Header Photo: Cherub on a Roll-Over



For the previous header photo I remained with an Antipodean theme (they are, after all, the ones sailing during the Northern winter) The photo was of a modern Australian Cherub dinghy losing it on a spinnaker reach during this years Australian Cherub Nationals. The Earwigoagin archives feature several post about this blasting machine. Unfortunately the class split internationally about ten years ago with the English deciding the make their Cherub class a mini-International 14 with two trapezes, narrow waterline and a much larger rig.

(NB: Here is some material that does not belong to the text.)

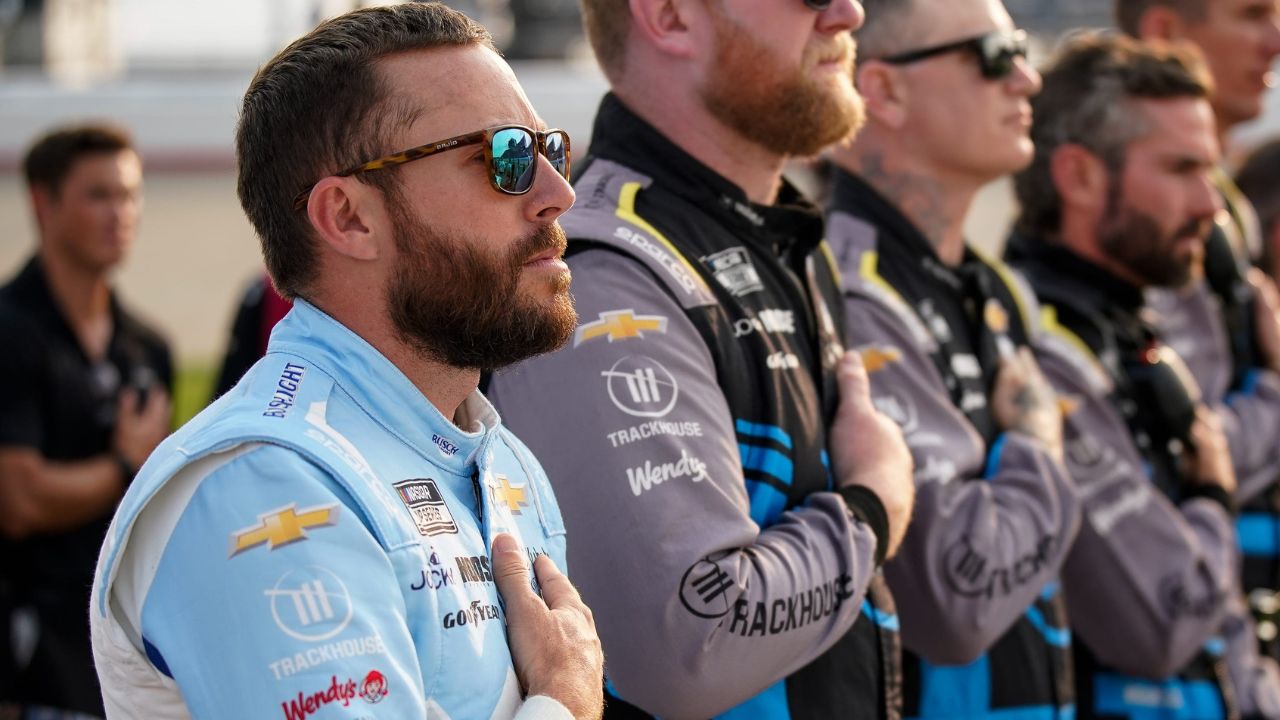 NASCAR Cup Series driver Ross Chastain stands with his team during the national anthem before the Cracker Barrel 400 at Nashville Superspeedway in Lebanon, Tenn., Sunday, June 1, 2025.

The Australian's, on the other hand, retained the old development rule, with single trapeze, wider hulls and smaller rigs; a sensible decision in my book as it allows many different body types to race this high performance skiff. Because of the Cherub's manageable size, there are a fair number of successful women helms. Andrew Chapman, one of Earwigoagin's Australian correspondents, reports of this year's nationals, "25 of the 80 crew were young women ... [with a] Lady skipper first and lady skipper second." Andrew would like to see the Australian Cherub class gain a foothold in North America. I agree but that would have to reverse a trend in North America which has seen the disappearance of many of the single trapeze performance classes that were active in North America in the 1960's, 1970's, and 1980's. (The 505 being the one single trapeze class still chugging along in North America but that is a brute of a dinghy and requires some beef to race successfully.)


A precursor photo shot just seconds before the completed layover of the header photo.


A nice shot of the clean open interiors of the modern Cherub.


I always like the dinghies that inject some color into the fleet. A leeward mark rounding and hardening up.


A superb video from this year's Australian Cherub Nationals.



1 comment:

Anonymous said...

Nice video!

The way the Cherubs rise from the water is like the 'eighteens'?